In handwriting recognition, information gathered on characters handwritten onto a motion tracking surface or otherwise entered by hand can include spatial information. Spatial information can characterize the overall shape of a character input and/or a portion of the character input. Conventionally, the spatial information of a character input is extracted from a bitmap of the input.
One difficulty in performing handwriting recognition is that the production of handwritten characters is subject to a range of artifacts reflecting the variability of human behavior. For example, an input stroke that is intended to be horizontal is, in fact, very unlikely to be perfectly horizontal. Instead, the stroke may display a slight slant, either due to the particular angle of the writing device or the angle of the user's finger. The input stroke may comprise short “hooks” in random directions at the beginning and/or at the end of the stroke. Depending on how the finger or other writing accessory (e.g., stylus) landed on and left the writing surface, it may show little wiggles in places, caused by uneven motor control and it may even be briefly interrupted if the finger or other writing accessory briefly lost contact with the writing surface.

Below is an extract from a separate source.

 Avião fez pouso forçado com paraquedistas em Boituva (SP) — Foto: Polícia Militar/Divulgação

To smooth out such artifacts, conventionally, the resolution of the device receiving the handwritten characters is lowered, for example, by utilizing a coarser bitmap. For example, for a device with a native 960-by-640-pixel resolution, the 32-by-32 bitmap may be chosen (e.g., by a designer of the handwriting recognition technique). However, one drawback to selecting a coarser bitmap is that while the lower resolution helps to ignore some of the artifacts, it may also obscure important details of the input character, which could be critical to disambiguate between certain words or characters. This is especially relevant when it comes to the recognition of Chinese characters because of the inherent complexity of characters with many strokes (e.g., more than 20 strokes is not all that uncommon, particularly with named entities), and the fact that sometimes only one short stroke is the key to disambiguating between two Chinese characters.

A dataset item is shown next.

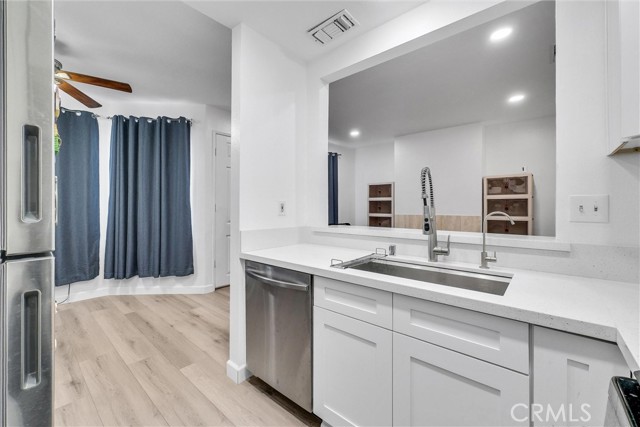 MLS #WS25143557 image #12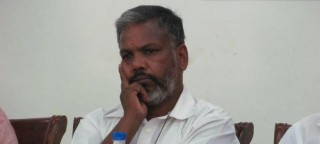 अनसन बसेका पूर्वमन्त्री पासवानलाई उपचारका लागि धरान लगियो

In order to perform handwriting recognition using feature extraction, features related to the spatial aspects of a character are extracted from the input. Typically, spatial features tend to include variations on pixel-level chain (or stroke) codes, sector occupancy, and the Rutovitz crossing number. Though the exact size of the bitmap may vary, it is typically chosen a priori and subsequently used throughout the feature extraction. As a result, spatial features are obtained at a single, fixed resolution determined by the size of the bitmap.